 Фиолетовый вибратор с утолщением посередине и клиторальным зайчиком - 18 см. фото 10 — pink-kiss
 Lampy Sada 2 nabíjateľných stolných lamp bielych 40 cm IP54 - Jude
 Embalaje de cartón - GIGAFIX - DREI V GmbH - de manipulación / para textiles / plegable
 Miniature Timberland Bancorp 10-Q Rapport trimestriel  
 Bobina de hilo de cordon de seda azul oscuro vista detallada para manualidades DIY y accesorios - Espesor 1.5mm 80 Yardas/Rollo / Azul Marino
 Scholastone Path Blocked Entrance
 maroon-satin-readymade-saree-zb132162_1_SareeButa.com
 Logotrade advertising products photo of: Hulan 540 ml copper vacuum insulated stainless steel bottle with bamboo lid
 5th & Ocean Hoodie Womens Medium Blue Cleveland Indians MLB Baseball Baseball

...

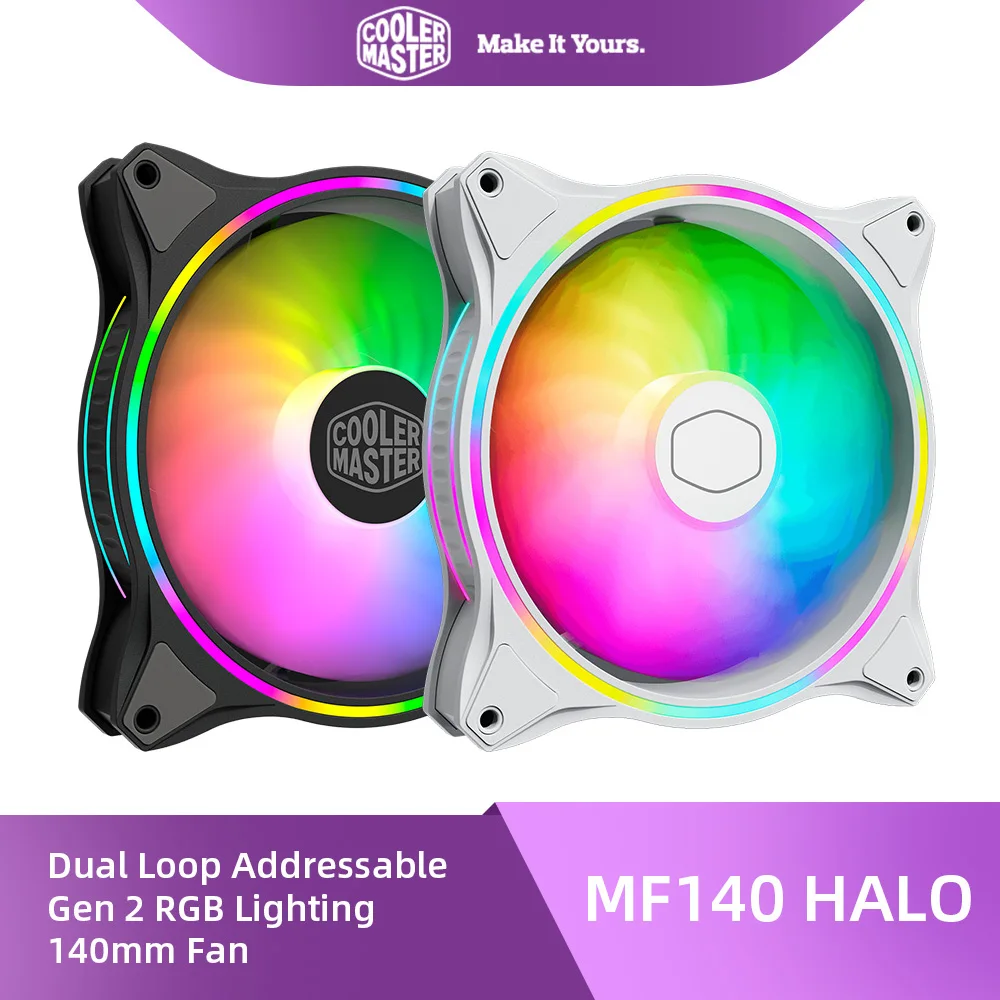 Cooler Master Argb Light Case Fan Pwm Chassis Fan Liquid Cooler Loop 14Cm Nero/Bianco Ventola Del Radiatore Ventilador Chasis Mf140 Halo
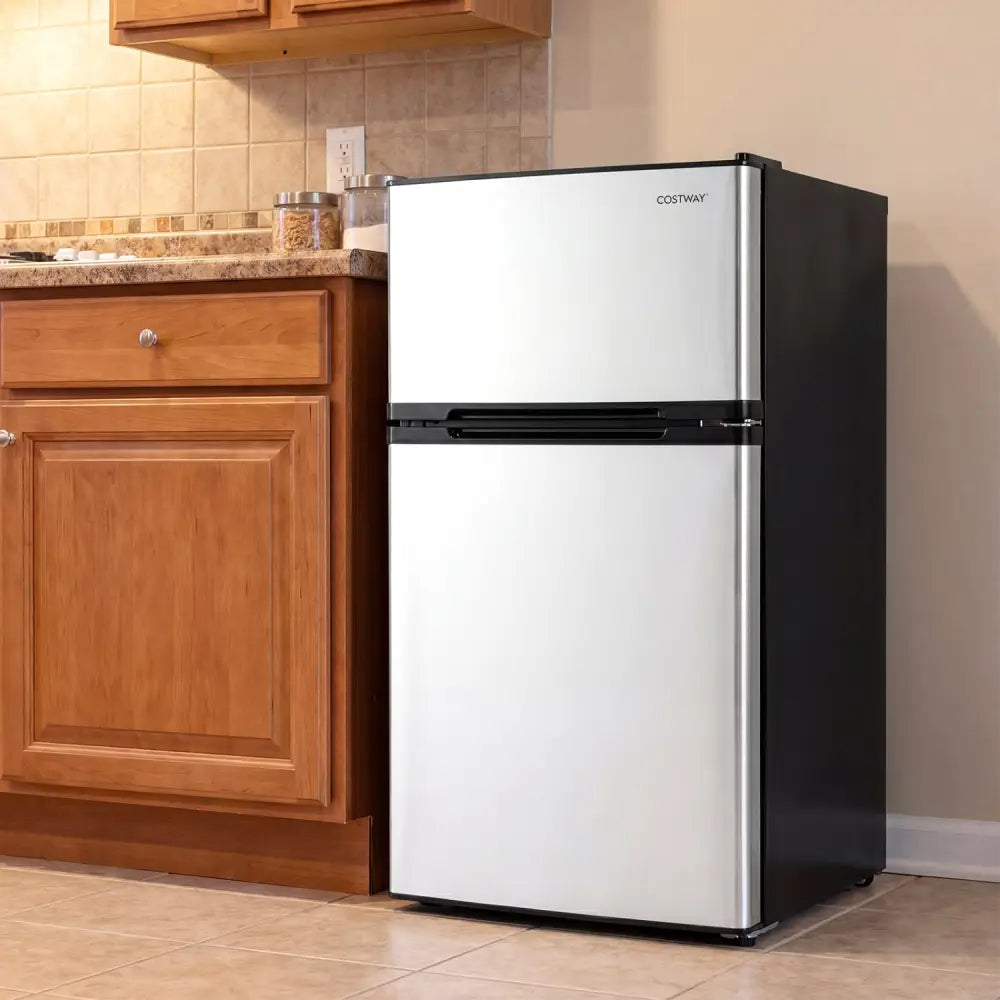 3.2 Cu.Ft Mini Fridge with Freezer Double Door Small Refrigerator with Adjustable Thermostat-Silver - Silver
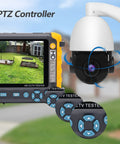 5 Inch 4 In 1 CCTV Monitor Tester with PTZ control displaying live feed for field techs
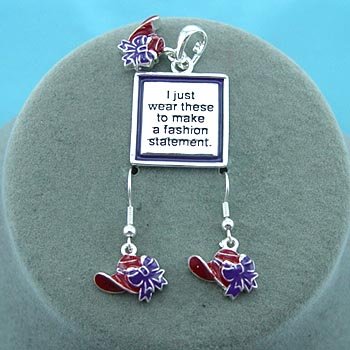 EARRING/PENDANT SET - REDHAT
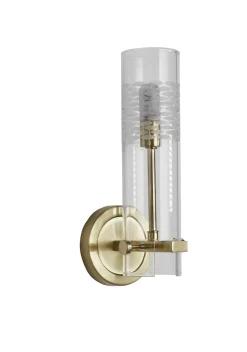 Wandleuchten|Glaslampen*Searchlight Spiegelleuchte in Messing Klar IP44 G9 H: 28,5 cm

* * *

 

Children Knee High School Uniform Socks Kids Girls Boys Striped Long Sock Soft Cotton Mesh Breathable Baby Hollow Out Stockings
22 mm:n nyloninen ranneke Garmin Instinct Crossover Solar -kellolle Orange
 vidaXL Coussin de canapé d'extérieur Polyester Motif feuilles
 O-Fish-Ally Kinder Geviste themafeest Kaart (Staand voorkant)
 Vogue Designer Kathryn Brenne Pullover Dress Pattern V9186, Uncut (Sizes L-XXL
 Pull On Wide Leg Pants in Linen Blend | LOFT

### ASSIGNED TASK
In the entries above, please find the line with "Lampy Sada 2" and the line with "5th & Ocean", then write out exactly those two lines and every line between them, and nothing more.

### TASK OUTPUT
 Lampy Sada 2 nabíjateľných stolných lamp bielych 40 cm IP54 - Jude
 Embalaje de cartón - GIGAFIX - DREI V GmbH - de manipulación / para textiles / plegable
 Miniature Timberland Bancorp 10-Q Rapport trimestriel  
 Bobina de hilo de cordon de seda azul oscuro vista detallada para manualidades DIY y accesorios - Espesor 1.5mm 80 Yardas/Rollo / Azul Marino
 Scholastone Path Blocked Entrance
 maroon-satin-readymade-saree-zb132162_1_SareeButa.com
 Logotrade advertising products photo of: Hulan 540 ml copper vacuum insulated stainless steel bottle with bamboo lid
 5th & Ocean Hoodie Womens Medium Blue Cleveland Indians MLB Baseball Baseball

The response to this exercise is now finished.